Input Tax Credit basically refers to the reduction of the taxes paid on inputs from taxes to be paid on output. When the supply of goods and services is supplied to a taxable person, the GST charged is known as Input Tax. The concept of ITC is not entirely new as it already existed under the pre-GST indirect taxes regime (service tax, VAT and excise duty). Now just the scope of it has been widened under GST. Earlier, it was not allowed to claim ITC for Central Sales Tax, Entry Tax, Luxury Tax and other taxes. In addition to all these, the manufacturers and service providers were barred from claiming the Central Excise duty. Though, it should be noted that Input Tax Credit can not be applied to all types of inputs. Each and every state or country can have a different set of rules and regulations to be followed. Input Tax Credit can also be applicable to a dealer who has purchased goods to resale. These rules are quite stringent and particular in their approach. Let’s take an instance, where a manufacturer needs to figure out his final taxes after claiming the ITC. Let’s say, the tax to be paid on the final product is Rs. 500 and the purchase tax paid is Rs. 350. The Input credit he claimed is Rs. 350, then the final taxes he will pay is Rs.150. Under GST, It is a very critical activity to claim for ITC for every business to settle the tax liability. So, let’s learn how to claim ITC.

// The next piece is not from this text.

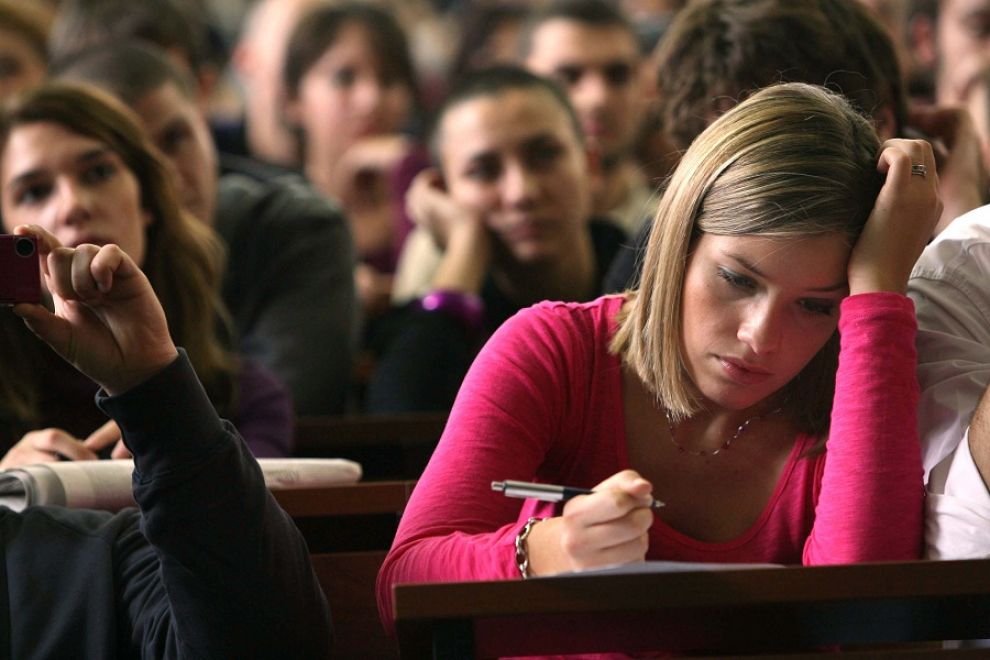 Giovani italiani: troppo lontani dai coetanei europei, povertà educativa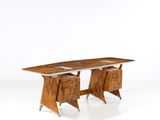 une image représentant une table en bois à deux pieds sur fond blanc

How to claim Input Tax Credit (ITC)?
If you want to claim and be entitled to your Input Credit Tax then the following must be followed as per the GST laws –
1. One should be a registered taxable person.
2. One can claim Input Tax Credit only, in the case, where the goods or services received is used for business purposes.
3. Input Tax Credit is taxable and can be claimed on exports or zero-rated supplies.
4. If you are a registered taxable person, and the constitution changes due to merger, sale or transfer of business, then the unused Input Tax Credit shall be transferred to the merged, sold or transferred business.
5. One can credit the Input Tax Credit in his/her Electronic Credit Ledger in a provisional manner on the common portal as per the model GST law.
6. Supporting documents such as a debit note, tax invoice, supplementary invoice, all are needed to claim the Input Tax Credit.
7. Input Tax Credit can be claimed if there is an actual receipt of goods and services.
8. The Input Tax needs to be paid through Electronic Credit/Cash ledger.
9. All GST returns like GST-1, 2,3, 6, and 7 needs to be filed.